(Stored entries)
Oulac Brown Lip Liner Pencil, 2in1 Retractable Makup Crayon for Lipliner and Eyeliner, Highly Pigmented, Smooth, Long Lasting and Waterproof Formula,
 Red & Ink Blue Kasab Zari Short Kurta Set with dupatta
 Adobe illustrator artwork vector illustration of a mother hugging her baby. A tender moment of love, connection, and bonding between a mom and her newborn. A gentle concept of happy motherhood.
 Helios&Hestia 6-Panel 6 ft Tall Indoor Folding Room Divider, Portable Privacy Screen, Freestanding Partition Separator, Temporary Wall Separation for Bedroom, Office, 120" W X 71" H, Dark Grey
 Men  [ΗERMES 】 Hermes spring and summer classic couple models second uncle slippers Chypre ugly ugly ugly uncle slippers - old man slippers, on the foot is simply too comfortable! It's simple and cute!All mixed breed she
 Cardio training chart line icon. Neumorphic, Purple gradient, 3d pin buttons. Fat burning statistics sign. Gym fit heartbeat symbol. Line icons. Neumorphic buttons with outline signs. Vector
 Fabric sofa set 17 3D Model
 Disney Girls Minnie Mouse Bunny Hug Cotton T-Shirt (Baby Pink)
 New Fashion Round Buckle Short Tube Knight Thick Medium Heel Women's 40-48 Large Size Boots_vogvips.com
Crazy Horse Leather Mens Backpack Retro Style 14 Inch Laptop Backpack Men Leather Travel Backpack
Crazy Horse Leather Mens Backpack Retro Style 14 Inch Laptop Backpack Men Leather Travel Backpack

* [What you have to do]: Give back the line containing "Fabric sofa set 17 3D Model" and all the lines after it through the end of the records, unchanged.

* [Finished task]:
 Fabric sofa set 17 3D Model
 Disney Girls Minnie Mouse Bunny Hug Cotton T-Shirt (Baby Pink)
 New Fashion Round Buckle Short Tube Knight Thick Medium Heel Women's 40-48 Large Size Boots_vogvips.com
Crazy Horse Leather Mens Backpack Retro Style 14 Inch Laptop Backpack Men Leather Travel Backpack
Crazy Horse Leather Mens Backpack Retro Style 14 Inch Laptop Backpack Men Leather Travel Backpack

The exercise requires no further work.